Nous attendons la communication de ce document, mais selon le représentant des artistes interprètes « les propositions d'Emmanuel Hoog rejettent la mise en oeuvre de la gestion collective, excluant ainsi la prise en compte des droits des artistes interprètes sur internet et la garantie de rémunérations pour les services à la demande. Ces propositions assurent également la pérennité, au bénéfice de l'industrie du disque, d'un modèle de commercialisation de la musique contrôlé et inéquitable. »

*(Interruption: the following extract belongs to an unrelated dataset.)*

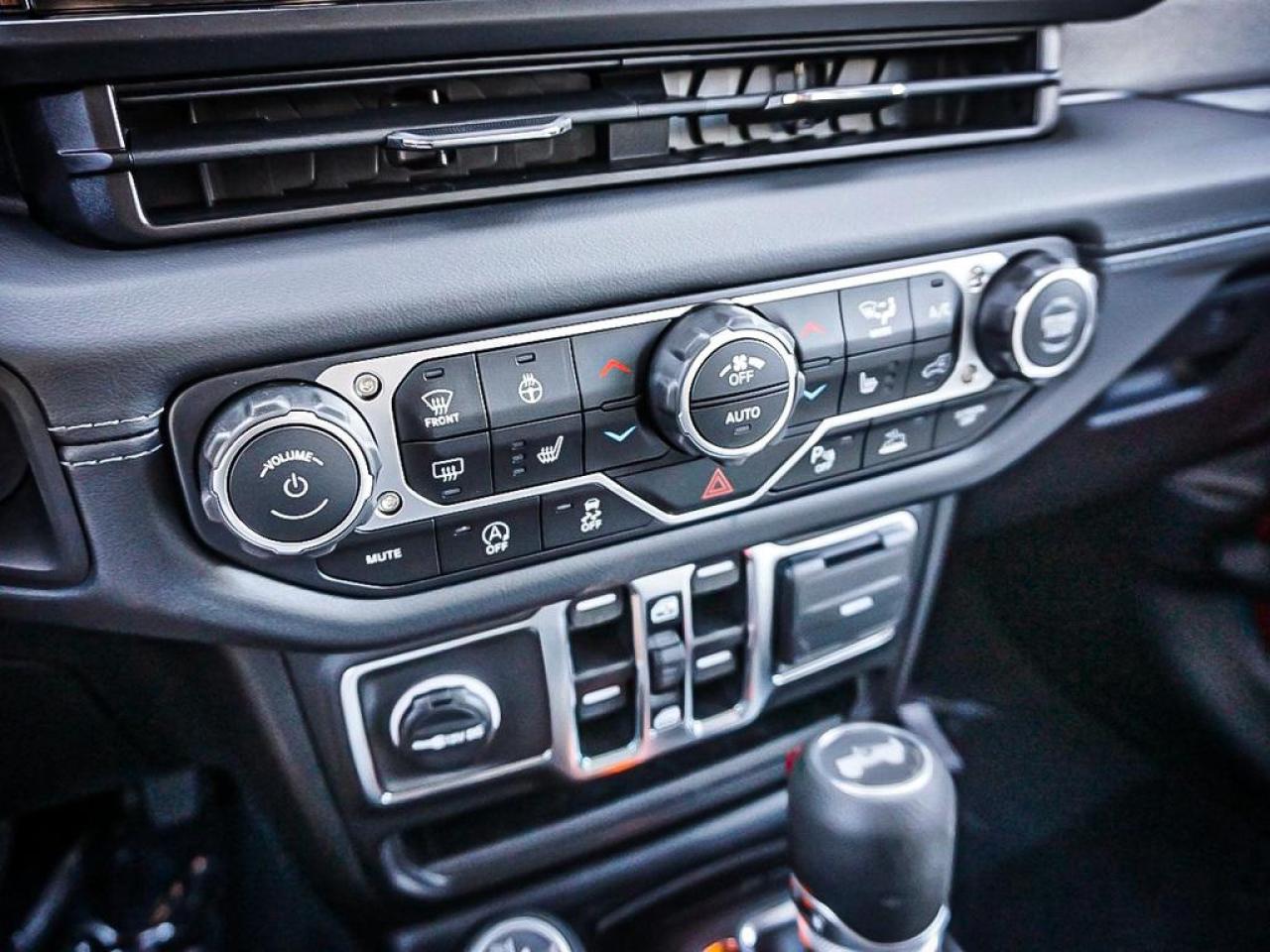 2025 Jeep Wrangler  Photo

La signature est prévue pour aujourd’hui, alors que le chef de l’État fera ses vœux à la Culture le 19 janvier depuis le Grand Palais.Sans cette gestion collective, Hadopi restera un système où seul le bâton prédomine sur la carotte. Symptomatique : lors de la dernière conférence Hadopi, ce 12 janvier, seuls les sujets de la réponse graduée, des sanctions, menaces et avertissements résonnaient depuis le sous-sol de la Rue du Textel.